Tuesday 31 January 2017

The Confessional. Part 71.

Theory and practice of the confessional by Caspar Erich Schieler, Richard Frederick Clarke


2. The essential object of this Sacrament is the forgiveness of sins that have been confessed. But one mortal sin cannot be forgiven apart from the rest, since forgiveness is the result of the influx of sanctifying grace, which does not remove sin as stains might be rubbed from a metal surface, but at once raises man from a state of sin to a state of grace, from being an enemy of God to being His friend. Moreover, sanctifying grace and mortal sin cannot exist together in the soul. From this it follows that all sins must be told without exception, in order that they may all be remitted.

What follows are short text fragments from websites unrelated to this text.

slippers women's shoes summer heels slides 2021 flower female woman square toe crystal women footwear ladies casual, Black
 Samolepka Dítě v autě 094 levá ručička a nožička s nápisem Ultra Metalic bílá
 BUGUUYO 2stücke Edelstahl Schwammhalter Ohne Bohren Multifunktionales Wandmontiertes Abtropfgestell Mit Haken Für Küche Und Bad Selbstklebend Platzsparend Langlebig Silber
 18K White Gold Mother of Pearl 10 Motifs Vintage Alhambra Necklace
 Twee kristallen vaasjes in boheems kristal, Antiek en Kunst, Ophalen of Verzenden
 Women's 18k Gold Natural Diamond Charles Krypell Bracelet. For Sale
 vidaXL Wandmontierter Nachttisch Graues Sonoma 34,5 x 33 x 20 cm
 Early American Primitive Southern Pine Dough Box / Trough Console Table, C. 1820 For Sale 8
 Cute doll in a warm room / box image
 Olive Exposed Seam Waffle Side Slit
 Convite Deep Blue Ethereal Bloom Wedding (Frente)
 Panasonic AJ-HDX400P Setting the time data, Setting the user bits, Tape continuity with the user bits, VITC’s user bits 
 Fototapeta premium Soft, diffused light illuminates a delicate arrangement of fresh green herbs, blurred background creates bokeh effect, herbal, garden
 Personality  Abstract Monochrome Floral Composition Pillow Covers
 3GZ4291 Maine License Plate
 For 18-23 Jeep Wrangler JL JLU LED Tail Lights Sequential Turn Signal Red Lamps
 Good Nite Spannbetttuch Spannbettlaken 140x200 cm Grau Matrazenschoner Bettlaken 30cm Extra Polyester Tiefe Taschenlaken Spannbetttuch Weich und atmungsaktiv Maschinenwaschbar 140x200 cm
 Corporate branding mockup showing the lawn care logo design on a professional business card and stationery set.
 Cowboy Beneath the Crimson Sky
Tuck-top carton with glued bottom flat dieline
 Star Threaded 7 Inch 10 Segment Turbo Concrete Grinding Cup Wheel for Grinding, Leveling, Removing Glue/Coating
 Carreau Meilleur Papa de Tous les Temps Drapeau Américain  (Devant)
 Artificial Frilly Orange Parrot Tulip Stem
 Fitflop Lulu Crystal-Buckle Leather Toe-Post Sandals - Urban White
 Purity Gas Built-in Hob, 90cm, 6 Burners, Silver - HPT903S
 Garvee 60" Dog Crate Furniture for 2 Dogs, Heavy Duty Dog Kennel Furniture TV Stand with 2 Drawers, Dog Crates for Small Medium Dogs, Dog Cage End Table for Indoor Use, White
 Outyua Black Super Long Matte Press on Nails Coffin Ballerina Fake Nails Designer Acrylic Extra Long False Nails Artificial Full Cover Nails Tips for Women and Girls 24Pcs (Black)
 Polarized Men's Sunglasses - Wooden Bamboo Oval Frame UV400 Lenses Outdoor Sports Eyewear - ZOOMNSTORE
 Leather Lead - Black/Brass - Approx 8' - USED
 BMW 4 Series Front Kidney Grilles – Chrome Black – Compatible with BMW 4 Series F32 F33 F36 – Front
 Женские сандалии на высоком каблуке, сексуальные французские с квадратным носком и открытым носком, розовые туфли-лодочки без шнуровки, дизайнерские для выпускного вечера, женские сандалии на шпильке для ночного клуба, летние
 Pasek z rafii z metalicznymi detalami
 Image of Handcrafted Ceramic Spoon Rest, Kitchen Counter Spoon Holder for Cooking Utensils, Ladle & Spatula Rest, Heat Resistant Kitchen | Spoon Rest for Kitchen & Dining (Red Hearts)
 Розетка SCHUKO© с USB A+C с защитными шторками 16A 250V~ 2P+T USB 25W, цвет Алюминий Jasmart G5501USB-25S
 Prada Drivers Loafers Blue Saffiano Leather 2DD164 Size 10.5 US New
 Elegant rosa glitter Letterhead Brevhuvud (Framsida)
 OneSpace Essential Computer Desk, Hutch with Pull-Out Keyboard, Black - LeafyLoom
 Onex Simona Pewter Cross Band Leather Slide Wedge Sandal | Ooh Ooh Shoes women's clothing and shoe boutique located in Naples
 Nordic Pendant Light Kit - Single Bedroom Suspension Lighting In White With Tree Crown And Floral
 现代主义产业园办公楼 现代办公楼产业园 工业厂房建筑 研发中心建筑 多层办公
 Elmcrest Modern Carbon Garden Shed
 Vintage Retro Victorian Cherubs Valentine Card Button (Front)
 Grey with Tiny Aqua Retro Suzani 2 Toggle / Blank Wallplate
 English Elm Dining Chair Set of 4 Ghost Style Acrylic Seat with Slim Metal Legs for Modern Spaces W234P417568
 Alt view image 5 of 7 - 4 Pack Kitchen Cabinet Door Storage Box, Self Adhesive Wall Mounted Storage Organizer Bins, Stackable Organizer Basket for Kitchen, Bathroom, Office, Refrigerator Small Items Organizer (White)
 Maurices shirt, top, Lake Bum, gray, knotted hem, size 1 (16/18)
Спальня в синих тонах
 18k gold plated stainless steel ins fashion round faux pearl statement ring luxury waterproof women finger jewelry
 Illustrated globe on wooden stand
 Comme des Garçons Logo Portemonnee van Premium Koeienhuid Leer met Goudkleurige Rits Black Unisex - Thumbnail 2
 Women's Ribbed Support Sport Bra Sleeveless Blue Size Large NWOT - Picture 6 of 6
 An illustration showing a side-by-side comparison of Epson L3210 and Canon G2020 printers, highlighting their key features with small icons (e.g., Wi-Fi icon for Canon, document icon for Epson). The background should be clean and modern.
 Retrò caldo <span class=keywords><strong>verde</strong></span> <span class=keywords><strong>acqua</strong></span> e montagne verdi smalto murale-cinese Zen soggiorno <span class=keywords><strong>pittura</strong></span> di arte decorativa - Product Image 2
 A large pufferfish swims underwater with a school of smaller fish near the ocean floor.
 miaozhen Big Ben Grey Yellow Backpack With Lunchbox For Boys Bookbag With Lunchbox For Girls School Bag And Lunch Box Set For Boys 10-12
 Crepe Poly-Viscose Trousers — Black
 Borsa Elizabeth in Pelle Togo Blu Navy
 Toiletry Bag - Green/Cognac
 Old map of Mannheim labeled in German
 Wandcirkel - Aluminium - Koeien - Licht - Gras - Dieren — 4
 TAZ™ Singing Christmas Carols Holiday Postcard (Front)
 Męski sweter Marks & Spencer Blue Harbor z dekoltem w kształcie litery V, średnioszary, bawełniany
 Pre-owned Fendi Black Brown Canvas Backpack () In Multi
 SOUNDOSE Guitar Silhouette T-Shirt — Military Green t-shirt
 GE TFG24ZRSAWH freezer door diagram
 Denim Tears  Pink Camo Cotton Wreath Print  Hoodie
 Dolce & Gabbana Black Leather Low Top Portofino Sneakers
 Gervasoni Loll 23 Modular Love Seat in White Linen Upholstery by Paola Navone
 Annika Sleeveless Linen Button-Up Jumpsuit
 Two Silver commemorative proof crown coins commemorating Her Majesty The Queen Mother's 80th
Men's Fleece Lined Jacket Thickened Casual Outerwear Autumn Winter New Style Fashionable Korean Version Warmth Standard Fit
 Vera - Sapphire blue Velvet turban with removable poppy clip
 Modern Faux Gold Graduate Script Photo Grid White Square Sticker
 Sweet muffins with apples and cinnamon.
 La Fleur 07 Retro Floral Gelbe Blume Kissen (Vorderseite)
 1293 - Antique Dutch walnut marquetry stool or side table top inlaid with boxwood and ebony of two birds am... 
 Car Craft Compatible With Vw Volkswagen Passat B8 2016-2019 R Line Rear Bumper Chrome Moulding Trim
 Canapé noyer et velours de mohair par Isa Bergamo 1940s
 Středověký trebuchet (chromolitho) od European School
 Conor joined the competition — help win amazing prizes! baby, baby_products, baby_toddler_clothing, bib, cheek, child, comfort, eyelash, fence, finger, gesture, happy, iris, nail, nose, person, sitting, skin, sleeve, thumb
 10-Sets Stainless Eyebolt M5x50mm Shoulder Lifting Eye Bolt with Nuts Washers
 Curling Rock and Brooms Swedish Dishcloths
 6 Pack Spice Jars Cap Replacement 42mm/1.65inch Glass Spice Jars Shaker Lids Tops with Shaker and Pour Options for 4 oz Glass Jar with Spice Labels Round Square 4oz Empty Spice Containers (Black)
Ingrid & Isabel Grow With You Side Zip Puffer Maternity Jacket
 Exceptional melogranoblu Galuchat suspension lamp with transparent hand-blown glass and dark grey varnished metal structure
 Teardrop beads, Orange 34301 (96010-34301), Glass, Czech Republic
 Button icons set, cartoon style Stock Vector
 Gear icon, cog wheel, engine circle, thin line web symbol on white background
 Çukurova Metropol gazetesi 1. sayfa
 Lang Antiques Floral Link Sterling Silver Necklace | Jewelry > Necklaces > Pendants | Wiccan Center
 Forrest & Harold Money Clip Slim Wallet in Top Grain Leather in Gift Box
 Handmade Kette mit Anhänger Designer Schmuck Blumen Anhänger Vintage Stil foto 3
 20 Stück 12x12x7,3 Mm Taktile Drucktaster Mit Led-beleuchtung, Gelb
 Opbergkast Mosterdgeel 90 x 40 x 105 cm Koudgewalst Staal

3. Add to this the essential connection between the judicial power of the priest in the Sacrament and his power of punishing sin or imposing a penance for it; but since the penance must be proportioned to the misdeeds, the priest cannot exercise his powers properly unless, at least, the mortal sins have been fully confessed. If, as must happen at times, it is inopportune or, in fact, quite impossible to assign a penance bearing any proportion to the number and magnitude of the sins, that is quite per accidens and the decision of the question is the affair of the judge, not of the penitent. That Christ gave His Church the power of punishing sin is abundantly proved by the practice of so many centuries during which definite penances were assigned to certain sins. Since, therefore, the Church of divine right can mete out just punishment for sin, the penitent is bound by divine precept to submit himself to the Church by an entire confession of all mortal sins. From the fact that the confessor must pronounce sentence and impose a suitable penance, the Council of Trent concludes "that all mortal sins of which the penitent is conscious after diligent search must be confessed, even though they be quite secret sins and only against the last two commandments of the decalogue."

4. Finally, the Sacrament of Penance has of its very nature another end in view, that of preventing relapse. Thus the confessor is at the same time the physician of the soul, empowered and obliged to prescribe the means of reform. This duty can be effectually carried out only when he knows intimately the penitent's state of soul, so that the latter is obliged to submit to his healing art all the mortal wounds of the soul.

Hence the Council of Trent anathematises all who teach "that for remission of sins in the Sacrament of Penance it is not necessary jure divino that all and every mortal sin be confessed of which a man is conscious after faithful and diligent search." (Sess. XIV. can. 7.)